Professor Mathias Goyen (GE HealthCare) at RöKo 2026 on why Europe's cautious approach to AI reimbursement might be testing what actually works across fragmented healthcare systems.Photo courtesy Mathias Goyen
Reimbursement built for devices, not algorithms
The MASAI trial is clinically compelling. Fewer interval cancers, higher detection rates, reduced workload in a system facing workforce shortages. But German reimbursement systems, Goyen argued, were built for a different kind of innovation.
"They were designed for a world in which innovation meant a new device or a new drug, not continuously learning software integrated into workflows," he said.
The timing makes the gap even sharper. While the Federal Joint Committee (G-BA) recently greenlit reimbursement for AI-driven lung cancer screening (effective April 2026), mammography, the gold standard of population screening, remains in a reimbursement no-man's-land.
LDCT requires AI for volumetric nodule assessment, yet AI mammography is stuck in evaluation mode despite stronger evidence.
Radiologists who use AI will replace those who don't
Goyen, who is a well-known figure in social media, has written publicly that AI will replace clinicians who refuse to change what being a clinician means. At RöKo, he clarified what that looks like in practice.
"I do not believe AI per se will replace radiologists," he said. "But I absolutely believe radiologists who work differently with AI will replace radiologists who refuse to adapt."
And that shift is already visible in 2026, he said. AI increasingly handles repetitive detection tasks, prioritization, workflow optimization, and quantitative analysis. That pushes the radiologist's role upward, toward synthesis, judgment under uncertainty, multidisciplinary collaboration, and guiding complex patient pathways.
"The danger is not automation itself," Goyen said. "The danger is defining radiology too narrowly, as if our job were simply to identify findings on images. If that is how someone defines radiology, then yes, parts of that role will absolutely become automated."
But if radiologists redefine themselves as diagnostic orchestrators and clinical integrators within data-rich healthcare systems, he noted, moving from the dark room to the front line of the multidisciplinary team, AI expands the strategic importance of the specialty rather than diminishing it.

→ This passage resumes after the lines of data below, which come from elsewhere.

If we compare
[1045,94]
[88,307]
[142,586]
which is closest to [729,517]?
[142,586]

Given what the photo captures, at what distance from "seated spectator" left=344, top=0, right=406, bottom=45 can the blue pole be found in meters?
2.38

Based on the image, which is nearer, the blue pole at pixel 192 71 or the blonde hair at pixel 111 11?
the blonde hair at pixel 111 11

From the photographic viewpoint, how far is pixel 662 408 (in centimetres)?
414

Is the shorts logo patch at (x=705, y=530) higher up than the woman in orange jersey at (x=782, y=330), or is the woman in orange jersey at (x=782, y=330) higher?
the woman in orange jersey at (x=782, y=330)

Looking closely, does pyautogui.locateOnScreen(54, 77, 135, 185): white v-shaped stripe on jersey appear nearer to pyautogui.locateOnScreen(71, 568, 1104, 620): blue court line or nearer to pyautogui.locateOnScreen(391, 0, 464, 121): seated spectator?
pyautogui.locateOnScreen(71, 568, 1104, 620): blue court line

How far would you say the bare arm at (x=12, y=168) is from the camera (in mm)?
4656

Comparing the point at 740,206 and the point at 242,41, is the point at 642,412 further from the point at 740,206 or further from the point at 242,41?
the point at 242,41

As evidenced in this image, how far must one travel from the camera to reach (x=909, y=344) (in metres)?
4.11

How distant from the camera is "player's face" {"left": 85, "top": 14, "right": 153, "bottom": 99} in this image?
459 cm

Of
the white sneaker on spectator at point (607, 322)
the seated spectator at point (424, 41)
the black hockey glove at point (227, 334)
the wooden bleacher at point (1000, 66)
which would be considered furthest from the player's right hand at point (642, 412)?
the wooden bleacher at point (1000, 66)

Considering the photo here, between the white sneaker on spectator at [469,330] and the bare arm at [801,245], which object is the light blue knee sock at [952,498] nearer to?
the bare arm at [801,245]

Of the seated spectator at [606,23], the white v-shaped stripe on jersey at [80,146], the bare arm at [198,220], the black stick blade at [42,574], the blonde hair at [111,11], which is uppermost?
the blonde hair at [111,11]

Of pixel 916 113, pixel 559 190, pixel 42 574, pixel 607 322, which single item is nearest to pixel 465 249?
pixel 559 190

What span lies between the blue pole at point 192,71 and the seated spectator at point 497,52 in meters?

Photon-counting CT: When is the evidence enough?
Photon-counting CT is generating excitement at RöKo 2026, but the evidence base is still building. Here, Goyen pushed back on the idea that hospitals should wait for perfect data before investing.

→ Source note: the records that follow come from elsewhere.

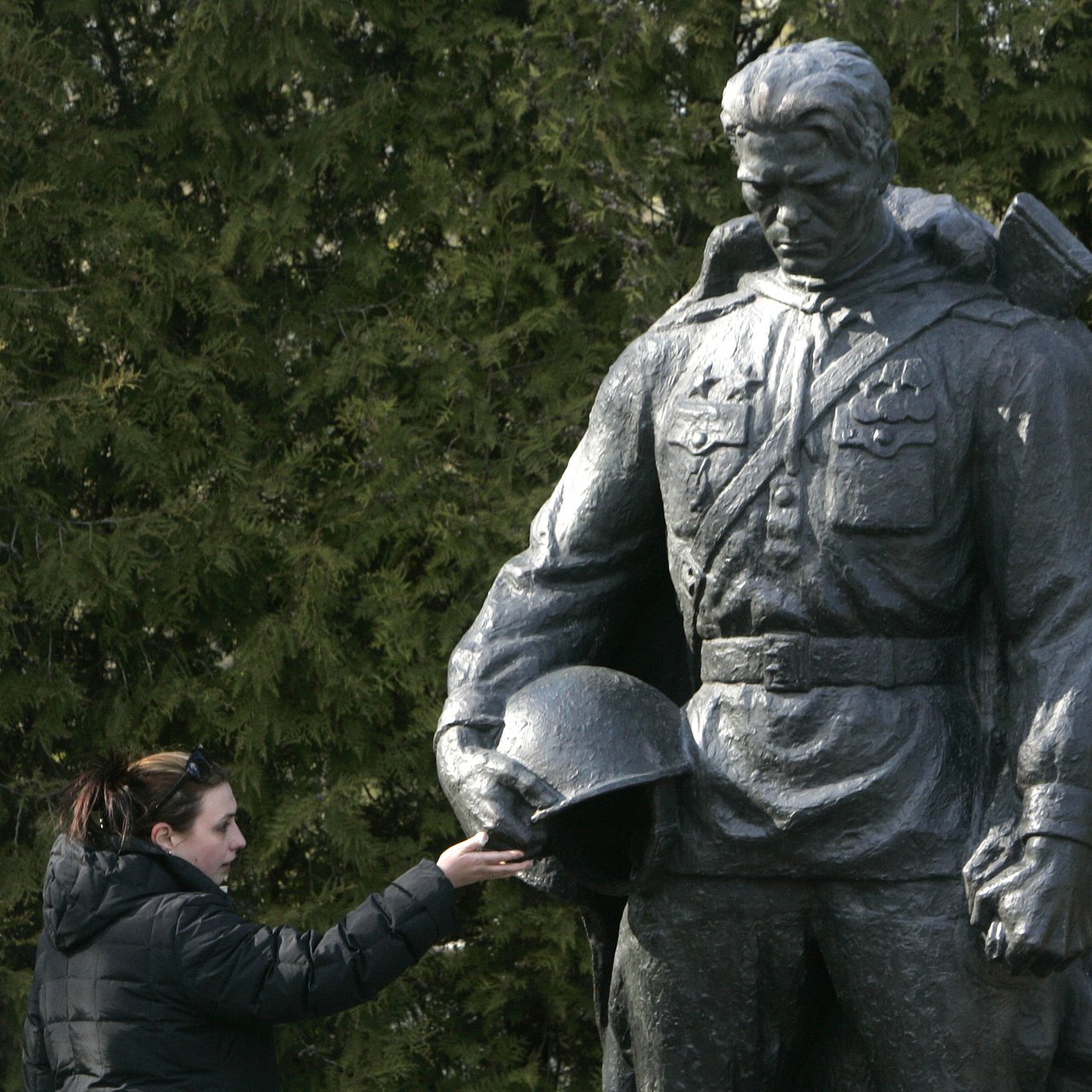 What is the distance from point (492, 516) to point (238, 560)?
0.77m

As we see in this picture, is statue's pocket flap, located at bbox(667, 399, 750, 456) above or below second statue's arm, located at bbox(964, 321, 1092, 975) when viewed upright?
above

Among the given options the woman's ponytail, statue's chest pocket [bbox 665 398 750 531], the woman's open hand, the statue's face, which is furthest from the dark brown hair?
the statue's face

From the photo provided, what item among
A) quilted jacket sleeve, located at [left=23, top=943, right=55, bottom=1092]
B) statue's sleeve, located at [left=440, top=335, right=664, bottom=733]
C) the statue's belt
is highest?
statue's sleeve, located at [left=440, top=335, right=664, bottom=733]

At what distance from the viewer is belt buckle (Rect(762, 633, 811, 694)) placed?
2.83 metres

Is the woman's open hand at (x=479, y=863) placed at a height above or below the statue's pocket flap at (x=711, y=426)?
below

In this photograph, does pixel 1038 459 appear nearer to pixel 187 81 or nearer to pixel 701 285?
pixel 701 285

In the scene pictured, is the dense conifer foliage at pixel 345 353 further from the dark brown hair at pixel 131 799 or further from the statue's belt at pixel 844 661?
the statue's belt at pixel 844 661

"If we waited for perfect evidence before every major imaging innovation, many technologies we now consider standard would have arrived years later," he said.
For Goyen, the key isn't whether photon-counting CT produces prettier images, but whether it changes clinical confidence, workflow efficiency, dose performance, or patient management in meaningful ways.

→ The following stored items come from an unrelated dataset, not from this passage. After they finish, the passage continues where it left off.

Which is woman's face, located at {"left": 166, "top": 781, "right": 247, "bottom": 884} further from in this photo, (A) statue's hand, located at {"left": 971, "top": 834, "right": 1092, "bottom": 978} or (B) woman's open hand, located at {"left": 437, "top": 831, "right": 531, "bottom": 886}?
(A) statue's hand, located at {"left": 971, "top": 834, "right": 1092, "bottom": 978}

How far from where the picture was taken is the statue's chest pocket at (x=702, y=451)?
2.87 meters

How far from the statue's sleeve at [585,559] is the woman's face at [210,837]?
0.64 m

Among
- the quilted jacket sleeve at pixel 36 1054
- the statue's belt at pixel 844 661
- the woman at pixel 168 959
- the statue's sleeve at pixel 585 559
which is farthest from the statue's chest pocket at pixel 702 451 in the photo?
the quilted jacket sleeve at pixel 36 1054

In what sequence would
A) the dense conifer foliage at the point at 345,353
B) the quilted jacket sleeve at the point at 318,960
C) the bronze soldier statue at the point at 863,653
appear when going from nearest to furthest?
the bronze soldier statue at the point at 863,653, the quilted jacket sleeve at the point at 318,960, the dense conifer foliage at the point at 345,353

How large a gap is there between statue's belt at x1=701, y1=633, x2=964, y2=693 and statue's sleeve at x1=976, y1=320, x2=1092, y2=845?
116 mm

Different hospitals will apply different thresholds. Large academic centers may invest earlier because part of their mission is innovation and evidence generation. Smaller hospitals may reasonably wait for more mature health-economic data.
"But what is important is that hospitals avoid two extremes," Goyen said. "Adopting technology simply because it is exciting, or rejecting innovation simply because the evidence is still evolving."
When excessive caution can become paralysis
As of early 2026, the U.S. Food and Drug Administration (FDA) has authorized approximately 1,450 AI medical products, with around 76% in radiology. Europe has roughly 200–300 CE-marked AI tools, depending on the database. Goyen sees this gap as a commercial risk, not necessarily a clinical one.
"The United States has created a much faster environment for innovation, commercialization, scaling, and reimbursement," he said. "Europe, by contrast, tends to move more cautiously, with stronger emphasis on validation, governance, privacy, and how systems actually work in practice."
The danger, Goyen warned, is that excessive caution can become paralysis. If innovation takes too long to reach clinical practice, patients lose access to meaningful advances.
"Europe as stress test for healthcare innovation"
But there's another side to the story: European healthcare systems are extraordinarily complex, fragmented, and heterogeneous. If an AI solution succeeds across Europe, across different workflows, reimbursement systems, languages, and clinical cultures, it's often very robust.
"Europe may actually function as a kind of stress test for healthcare innovation," Goyen said. "The real challenge is finding the balance between speed and responsibility."
Pure acceleration without governance creates noise and fragmentation. But regulation without implementation creates irrelevance. And right now, Europe is searching for its North Star between the EU AI Act's guardrails and the clinical urgency of 2026.